Ancona , sabato, 6. giugno, 2020 14:00 (ACI Stampa).
Si chiama ‘Covid-19, empatia e dialogo come cura’ l’ultimo lavoro di Claudio Colotti, il fotoreporter maceratese, che dal 20 al 26 aprile è entrato nell’ospedale di Torrette di Ancona, capoluogo marchigiano, raccontando con i suoi 50 scatti quello che stava accadendo nei reparti dedicati a pazienti positivi al coronavirus in un lavoro d’impatto, come ha spiegato il fotoreporter: “Mi sono reso conto che nonostante tutti i sistemi di protezione usati, infermieri, dottori e fisioterapisti riescono comunque a stabilire un contatto con i pazienti, pure di tipo fisico, fatto spesso di gesti importanti. Come una carezza. Nonostante guanti, mascherine, occhiali a tenuta stagna, visiere in plexiglas, il coinvolgimento emotivo non è venuto meno. Non ci sono appigli per vedere l’altro, la comunicazione tra paziente e operatore è difficoltosa. Ma si è vicini con questi gesti”.
Come ci si sente a fotografare in un reparto covid 19?
“All’inizio è imbarazzante e doloroso. Noi fotogiornalisti abbiamo il dovere morale di giustificare la nostra presenza in un luogo dove la sofferenza può toccare punti apicali. Normalmente lo facciamo offrendo la nostra identità e le nostre intenzioni in maniera chiara, a viso scoperto. Avvicinando le persone e facendo sentir loro la nostra comunione emotiva al dramma che stanno vivendo. Con il COVID far questo è stata un’impresa titanica. Sparire dentro un’anonima tuta di protezione è stato come se mi fossi ritrovato senza la mia identità.

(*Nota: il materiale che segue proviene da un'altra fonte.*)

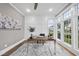 Well-lit office with wainscoting, large windows, desk and decorative rug with beautiful hardwood floors at 329 Broad Elm Ln, Apex, NC 27523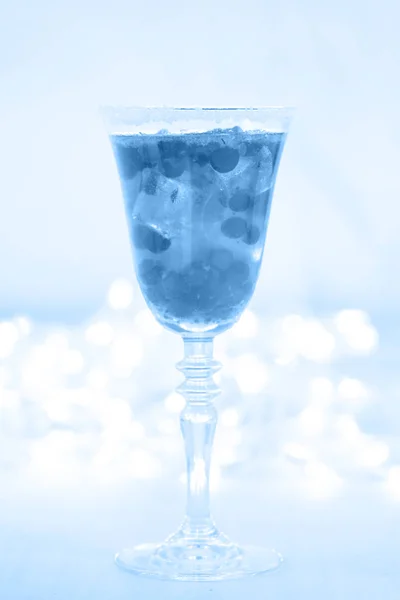 Egy pohár pezsgő és áfonyakoktél. Közelről, kékre festve. — Stock Fotó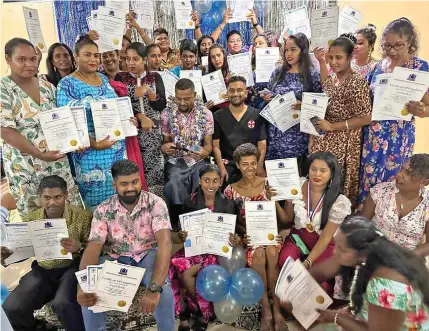  ?? Photo: Waisea Nasokia ?? Nadroga-Navosa Chamber of Commerce and Industries president Dr Ashank Naidu with the graduates holding their certificat­es.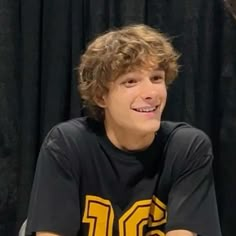 a young man sitting in front of a black curtain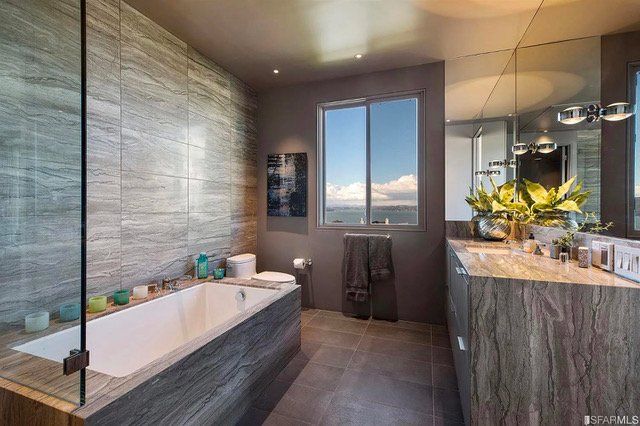 A modern bathroom with a white soaking tub, wood-grain tiled walls, a vanity with a large mirror, and a window with a view.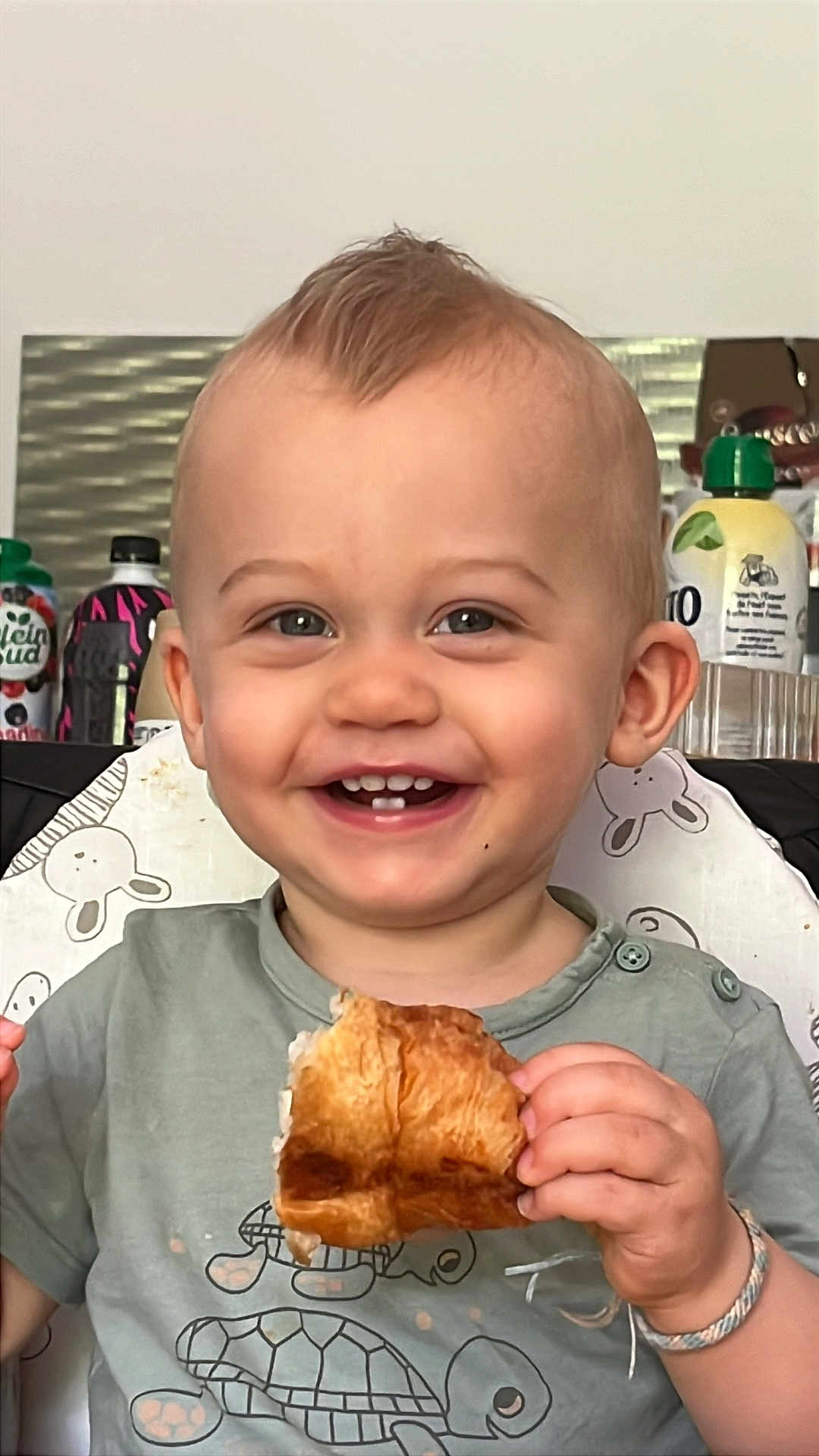 Giulliano a rejoint le concours — aidez-le/la à gagner de superbes lots ! toddler, child, smiling, happy, croissant, food, eating, face, hair, moawk, kitchen, background, sitting, highchair, clothing, bracelet, portrait, cute, indoor, breakfast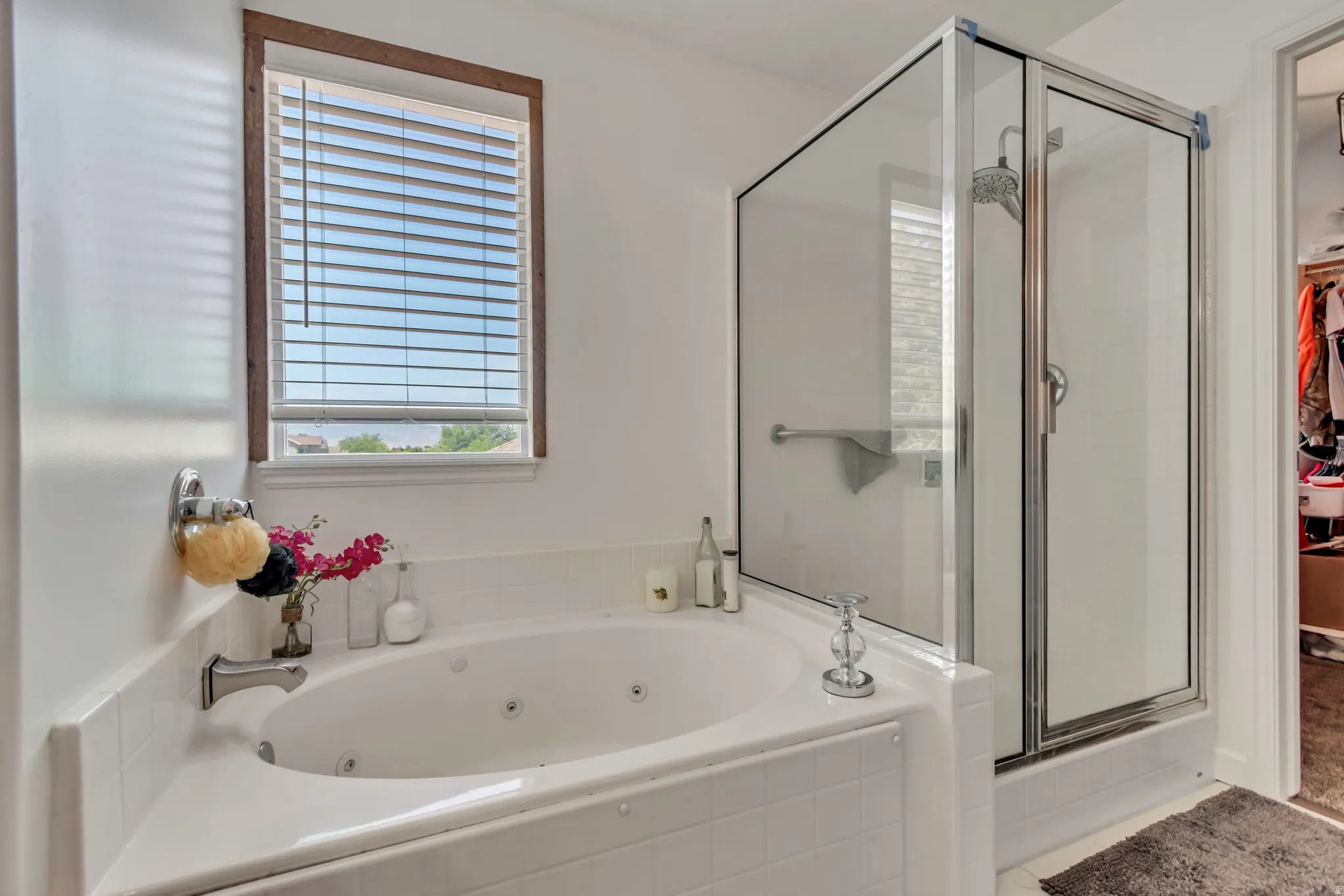 White tile surround soaking tub with integrated jets and chrome fixtures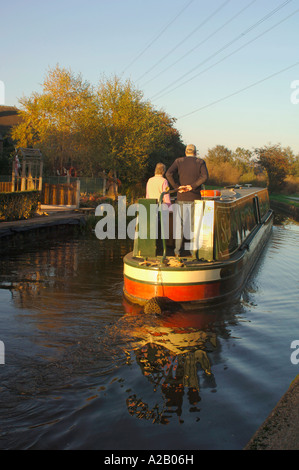 Un couple à bord d'un bateau qui se déplacent le long de l'étroit canal Cauldon dans le Staffordshire en Angleterre. Banque D'Images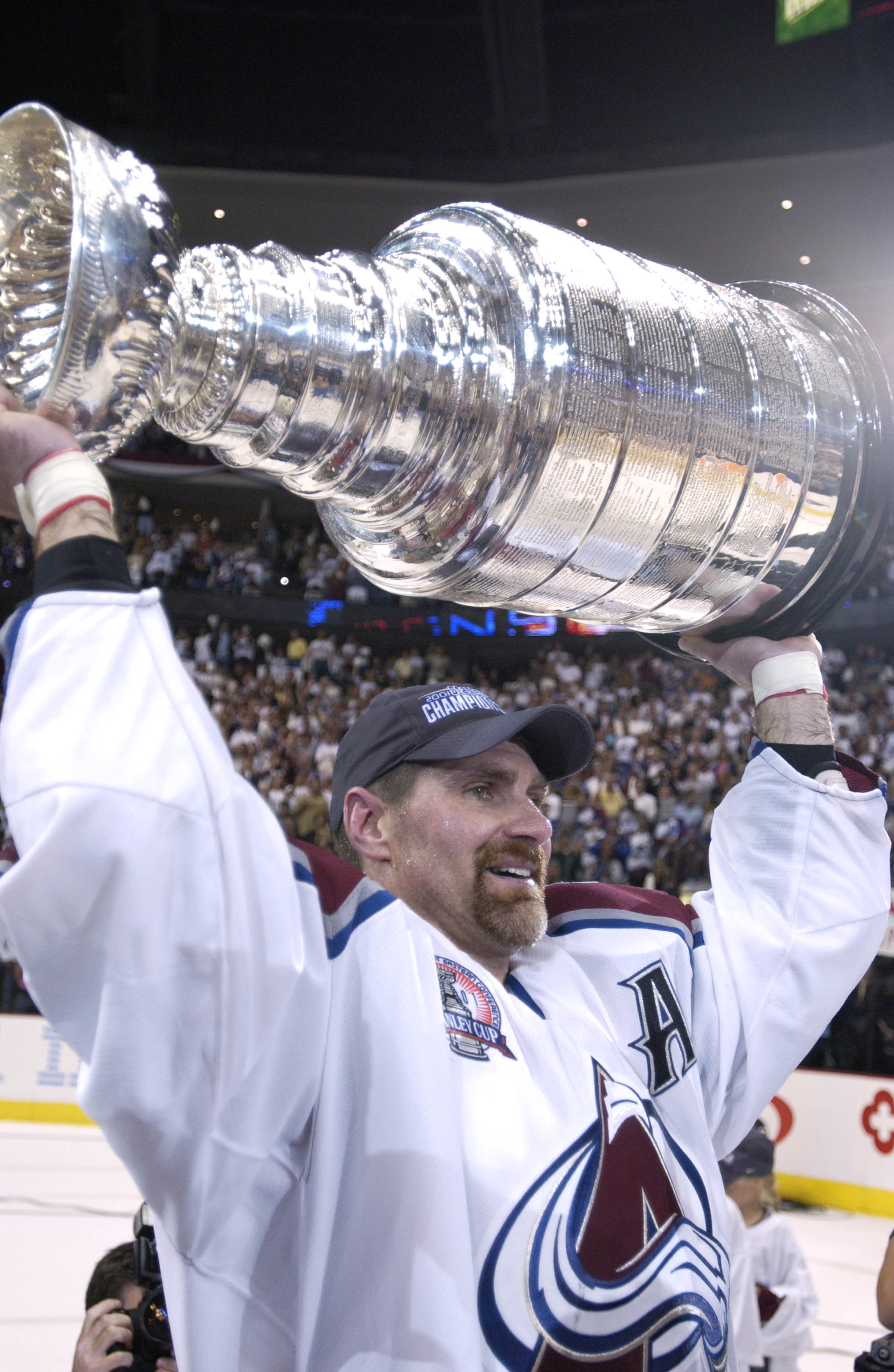 9 Jun 2001:  Ray Bourque #77 of the Colorado Avalanche lifts the Stanley Cup after they defeated the New Jersey Devils 3-1 in game seven of the NHL Stanley Cup Finals at Pepsi Center in Denver, Colorado.  The Avalanche take the series 4-3.  DIGITAL IMAGE.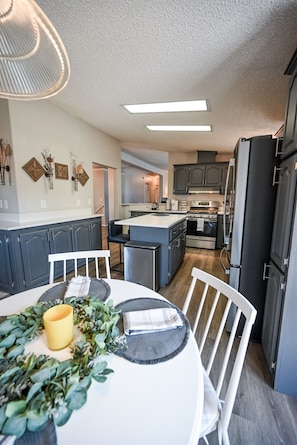 A modern kitchen with grey cabinets, a central island, and a dining area with a white table and chairs.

Realizzare che infermieri e pazienti non avrebbero mai potuto vedere il mio viso e quindi le mie emozioni mi ha lasciato da subito addosso una sensazione di disagio. Mi ci è voluto del tempo per capire che in una situazione estrema come quella i nostri recettori sono spalancati al punto che i sentimenti attraversano anche la plastica ed il nylon”.
Quale impatto c’è stato ad entrare in un reparto covid 19?
“Nelle prime ore ho avuto una sensazione di e alienazione, quasi come se mi stessi muovendo in assenza di gravità. I sistemi di protezione integrale attutiscono tutti i sensi compresi la vista e l’udito. All’interno di questa cornice si è innestata la paura strisciante del possibile contagio che non mi ha mai abbandonato. Gli occhiali di protezione oltre ad appannarsi limitavano il mio campo visivo e da subito ho provato lo shock di dover gestire in maniera del tutto innaturale la mia spazialità. Per paura di poter essere d’intralcio a dottori e infermieri ho iniziato calcolare ogni singolo spostamento. E in tutto questo io dovevo comunque trovare la concentrazione per scattare”.